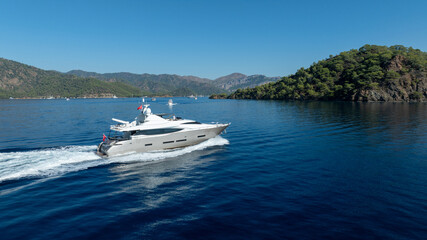 Obraz premium A private yacht cruising on calm waters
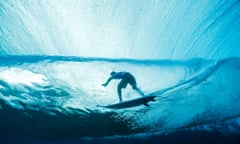 Australia's Jack Robinson rides in a barrel in the 2nd heat, during round one of the surfing competition, during the 2024 Summer Olympics, in Teahupo'o, French Polynesia, Saturday, July 27, 2024. (Ben Thouard/Pool Photo via AP)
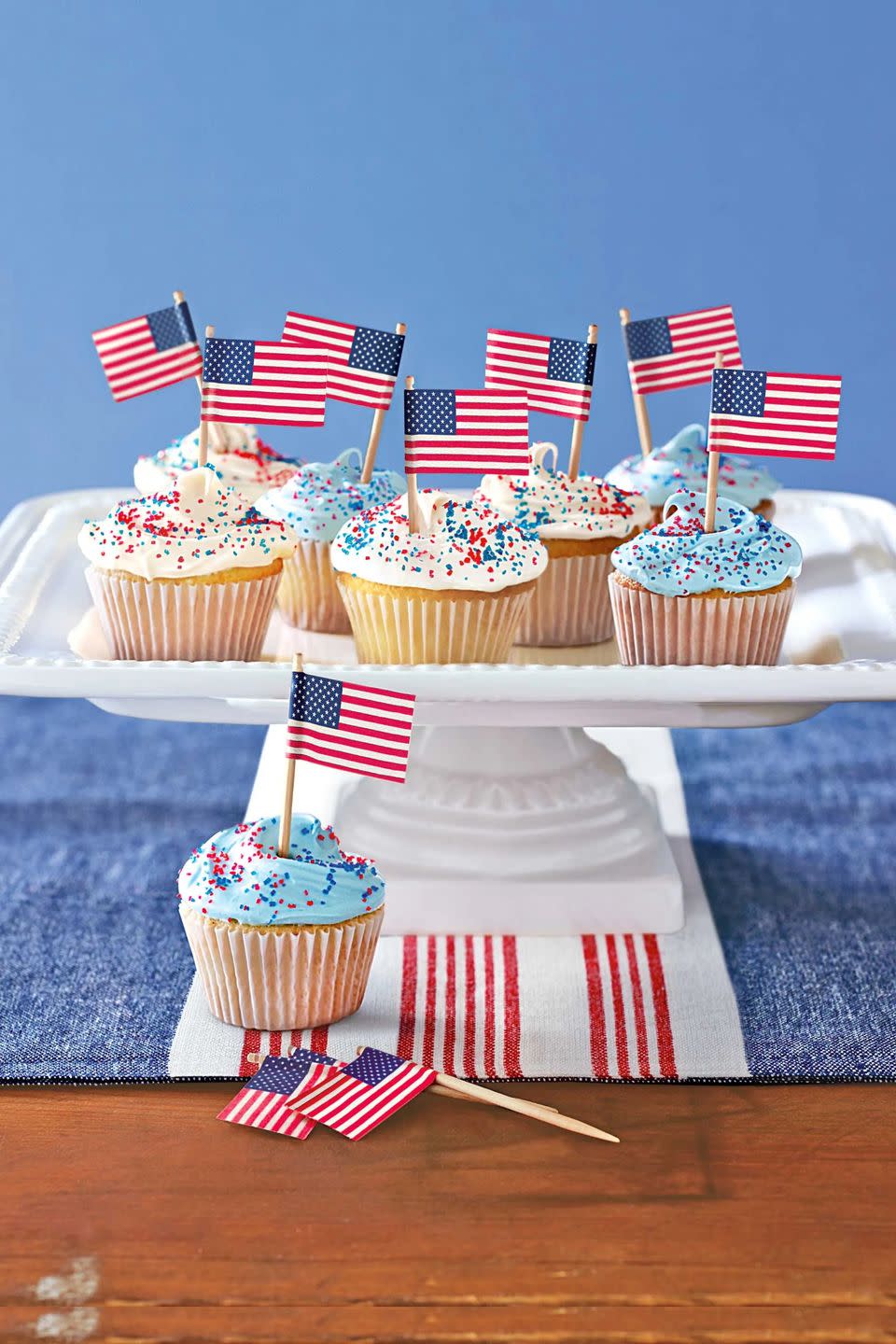 cupcakes with mini flags in them on a platter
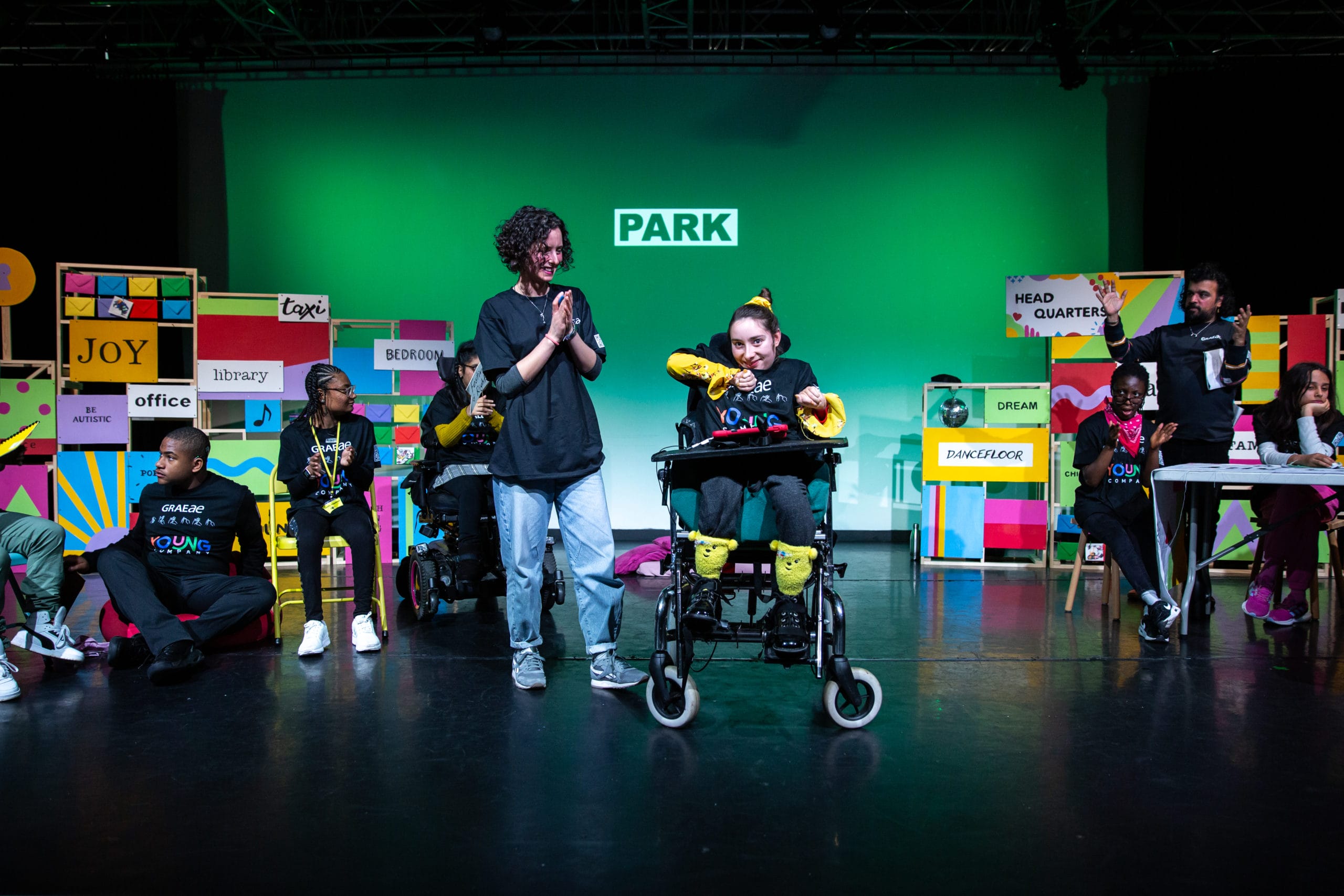 A performer in a wheelchair is centre stage, surrounded by other performers who are clapping along.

- PROBLEM DESCRIPTION -
Take the data above and repeat it exactly, leaving each picture out.

- FINISHED TASK -
 Obraz premium A private yacht cruising on calm waters
 Australia's Jack Robinson rides in a barrel in the 2nd heat, during round one of the surfing competition, during the 2024 Summer Olympics, in Teahupo'o, French Polynesia, Saturday, July 27, 2024. (Ben Thouard/Pool Photo via AP)
 cupcakes with mini flags in them on a platter
 A performer in a wheelchair is centre stage, surrounded by other performers who are clapping along.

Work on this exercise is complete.